RAW DATA:
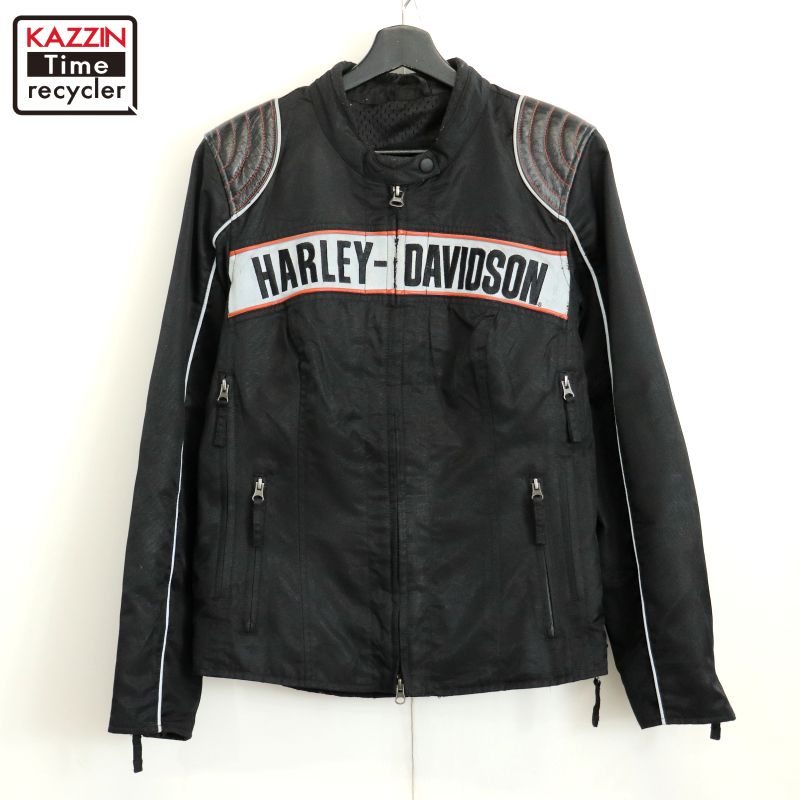 【希少】ハーレーダビットソン　レーシングジャケット　古着　ヴィンテージ 100037102-1.jpg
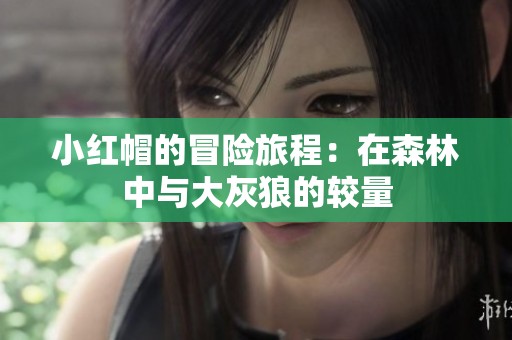 小红帽的冒险旅程：在森林中与大灰狼的较量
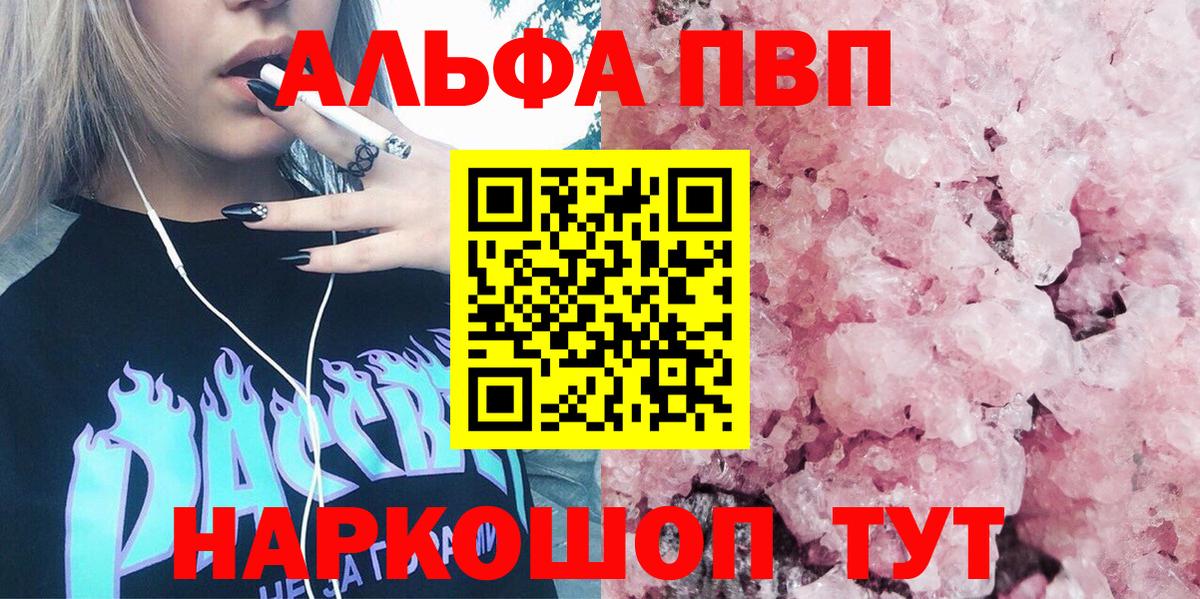 Ачхой-Мартан  A PVP СК КРИС  A-PVP  как найти   APVP мука  Вход с VPN  Alpha-PVP мука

WHAT TO PRODUCE: Pictures stay out. Write out everything else in the material exactly.

TASK RESULT:
 【希少】ハーレーダビットソン　レーシングジャケット　古着　ヴィンテージ 100037102-1.jpg
 小红帽的冒险旅程：在森林中与大灰狼的较量
 Ачхой-Мартан  A PVP СК КРИС  A-PVP  как найти   APVP мука  Вход с VPN  Alpha-PVP мука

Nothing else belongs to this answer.